Cientistas pesquisam porco monteiro em reserva no Pantanal

 

Animal já foi doméstico e voltou à vida silvestre.
Estudo é um exemplo de parceria entre pantaneiros e pesquisadores.

Do Globo Rural

Nos primeiros raios da manhã, em uma propriedade vizinha à fazenda da Embrapa, os peões preparam a tropa. Oziel Alex da Silva e Márcio de Souza, pantaneiros nascidos e criados na região, encilham os animais para uma lida de campo, coordenada pelos pesquisadores do porco monteiro.
O horário é ideal para encontrar os animais por causa da temperatura mais amena e também porque podem ser vistos nos descampados, antes de voltarem para a mata fechada.
O porco monteiro, na verdade, é o descendente do porco caseiro trazido pelos europeus durante a colonização, há mais de 300 anos. Ao longo desses séculos, ele encontrou no Brasil comida farta, se espalhou e voltou à vida selvagem. “Desde então esses animais começaram a ir para o ambiente natural e fundar populações livres, independente dos cuidados dos homens”, explica Ubiratan Piovezan, biólogo.
Para encontrar a vara de porcos, os pesquisadores e os pantaneiros percorrem os campos da Nhumirim, mas muitas vezes a comitiva precisa entrar em outras fazendas e contar com o apoio dos vizinhos.
No caminho, o especialista em aves Alessandro Pacheco identifica em uma baía, uma ave rara e pouco estudada: o pato de crista.

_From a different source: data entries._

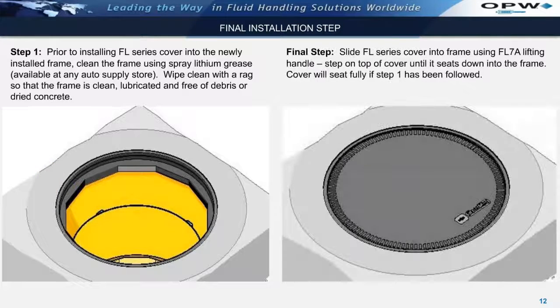To install the cover, use the FL-7A lifting handle to slide the cover into the frame until it seats. Step on top of the cover until it seats fully down into the frame. The cover will seat fully if the frame has been properly cleaned and lubricated prior to installing the cover.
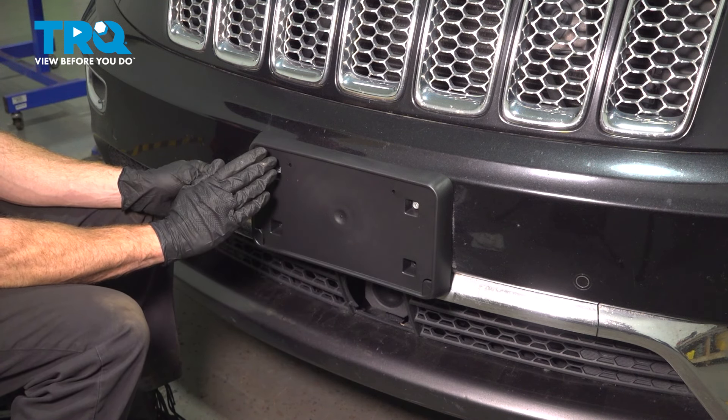Let's continue on with our license plate. We'll take this and slide it into place — you can see the two mounting points down along the bottom corners. After you have it in place, it's time for your two mounting bolts. We'll go ahead and start those on just like before and then snug them up.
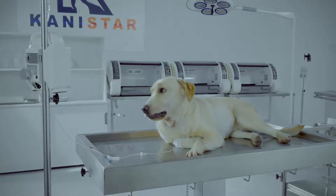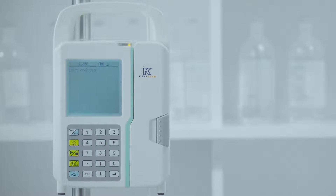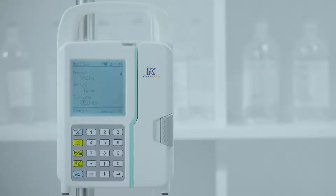Obstructions and blockages will be detected and an alarm will be triggered. Once the blockage is removed, the downstream transfusion will be restored and the alarm will be cancelled.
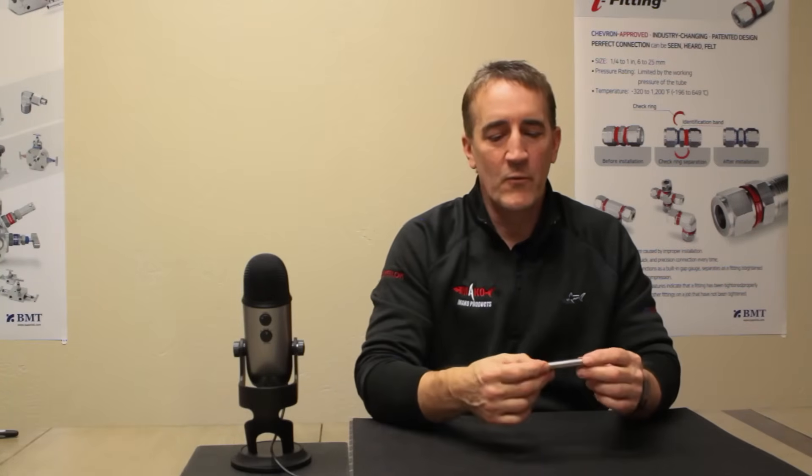Before we install a tube fitting, we want to make sure that the tube is properly prepared. So we want to make sure it's clean, that it's deburred, and that the tubing hardness matches the tube fitting specifications. Always check with your manufacturer to make sure your tubing is certified to work with the tube fitting that you happen to be using.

Outras espécies são avistadas, como a arara-azul, que aproveita o início da manhã para se alimentar, o tabuiaiá, conhecido como cegonha brasileira, e os veados campeiros, espécie de porte um pouco maior que o catingueiro.
O gerente da fazenda vizinha é Luis Carlos Domingos Graça, que trabalha há 30 anos na propriedade de 21 mil hectares. Toda riqueza da fauna e da flora do Pantanal está preservada na reserva particular da fazenda. A área de 1.128 hectares está inteiramente cercada.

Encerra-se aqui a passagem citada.